Introduction

When building a database system designed for very long-term use, there arises a need for permanent identifiers for its objects. Usage of provisional identifiers will eventually lead to a situation where a name ceases to refer to the object it has named, effectively making references incorrect until said identifiers are updated. This implies the need for constant database monitoring and maintenance. Users of the system would also need to be informed of any changes made.

This specification defines abstract data objects called ‘resource descriptors’ and an URI scheme for naming them. It also defines an interface for interacting with these objects. Anything else is outside the scope of this document, including mapping said interface to a communication protocol.

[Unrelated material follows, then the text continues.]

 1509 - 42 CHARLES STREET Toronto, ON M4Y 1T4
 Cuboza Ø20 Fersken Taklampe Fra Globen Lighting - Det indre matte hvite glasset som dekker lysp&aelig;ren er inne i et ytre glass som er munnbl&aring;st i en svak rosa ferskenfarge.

Resource descriptors contain knowledge about a topic designated by the URI. They are abstract in the sense that the content of their representation is different depending on the current time and the contacted host. It is neither a specific object nor a network location. You may think of the URI as a precise search term supplied in a query and of the resource descriptor as an answer to that query.

Foreword

The key words ‘MUST,’ ‘MUST NOT,’ ‘REQUIRED,’ ‘SHALL,’ ‘SHALL NOT,’ ‘SHOULD,’ ‘SHOULD NOT,’ ‘RECOMMENDED,’ ‘NOT RECOMMENDED,’ ‘MAY,’ and ‘OPTIONAL’ in this document are to be interpreted as described in BCP 14 [RFC2119] [RFC8174] when, and only when, they appear in all capitals, as shown here.

Descriptor identifier

Resource descriptors are identified by the `rd` URI scheme defined herein.

Syntax

The syntax of these URIs is defined by the following `rd-URI` ABNF rule. It follows the generic URI syntax defined in RFC3986. The `reg-name`, `segment-nz`, `query` and `fragment` rules are imported from that document.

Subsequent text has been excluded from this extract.